Task prompt: Which lines run from the one containing "Wallace - Vai" to the end of the records? Write them out exactly, both ends included, and nothing else.
^^^^^^^^
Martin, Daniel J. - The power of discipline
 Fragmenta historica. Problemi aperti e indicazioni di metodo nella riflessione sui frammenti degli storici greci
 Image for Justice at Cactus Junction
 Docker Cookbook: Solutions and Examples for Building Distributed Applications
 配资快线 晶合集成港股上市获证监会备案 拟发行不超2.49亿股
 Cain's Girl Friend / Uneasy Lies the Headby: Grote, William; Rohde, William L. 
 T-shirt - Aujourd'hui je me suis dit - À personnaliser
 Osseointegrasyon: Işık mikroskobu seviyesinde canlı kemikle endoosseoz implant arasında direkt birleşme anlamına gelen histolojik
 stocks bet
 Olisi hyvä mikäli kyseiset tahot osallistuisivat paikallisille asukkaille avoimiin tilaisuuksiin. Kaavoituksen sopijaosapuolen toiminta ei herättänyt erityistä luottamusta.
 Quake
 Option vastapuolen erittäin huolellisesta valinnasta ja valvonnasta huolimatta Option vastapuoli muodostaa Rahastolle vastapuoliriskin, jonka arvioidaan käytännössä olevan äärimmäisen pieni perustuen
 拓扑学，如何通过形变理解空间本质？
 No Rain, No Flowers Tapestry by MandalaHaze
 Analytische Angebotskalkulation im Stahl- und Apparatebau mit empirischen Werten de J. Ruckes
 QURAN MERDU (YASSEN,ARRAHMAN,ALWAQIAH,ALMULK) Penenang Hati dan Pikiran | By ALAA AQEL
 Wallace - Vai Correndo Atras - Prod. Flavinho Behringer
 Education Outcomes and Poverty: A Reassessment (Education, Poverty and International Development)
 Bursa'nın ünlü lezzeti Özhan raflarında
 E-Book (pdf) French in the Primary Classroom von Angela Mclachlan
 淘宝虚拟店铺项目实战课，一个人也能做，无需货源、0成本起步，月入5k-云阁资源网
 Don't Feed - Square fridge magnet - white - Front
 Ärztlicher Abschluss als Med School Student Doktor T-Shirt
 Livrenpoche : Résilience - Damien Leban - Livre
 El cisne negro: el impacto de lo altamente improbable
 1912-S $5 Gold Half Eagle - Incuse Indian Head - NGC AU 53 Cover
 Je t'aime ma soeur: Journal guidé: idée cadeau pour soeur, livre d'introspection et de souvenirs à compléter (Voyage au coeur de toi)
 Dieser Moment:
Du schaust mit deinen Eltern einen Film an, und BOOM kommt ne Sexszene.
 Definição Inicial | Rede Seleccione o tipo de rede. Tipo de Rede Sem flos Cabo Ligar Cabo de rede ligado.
^^^^^^^^
Expected output:
 Wallace - Vai Correndo Atras - Prod. Flavinho Behringer
 Education Outcomes and Poverty: A Reassessment (Education, Poverty and International Development)
 Bursa'nın ünlü lezzeti Özhan raflarında
 E-Book (pdf) French in the Primary Classroom von Angela Mclachlan
 淘宝虚拟店铺项目实战课，一个人也能做，无需货源、0成本起步，月入5k-云阁资源网
 Don't Feed - Square fridge magnet - white - Front
 Ärztlicher Abschluss als Med School Student Doktor T-Shirt
 Livrenpoche : Résilience - Damien Leban - Livre
 El cisne negro: el impacto de lo altamente improbable
 1912-S $5 Gold Half Eagle - Incuse Indian Head - NGC AU 53 Cover
 Je t'aime ma soeur: Journal guidé: idée cadeau pour soeur, livre d'introspection et de souvenirs à compléter (Voyage au coeur de toi)
 Dieser Moment:
Du schaust mit deinen Eltern einen Film an, und BOOM kommt ne Sexszene.
 Definição Inicial | Rede Seleccione o tipo de rede. Tipo de Rede Sem flos Cabo Ligar Cabo de rede ligado.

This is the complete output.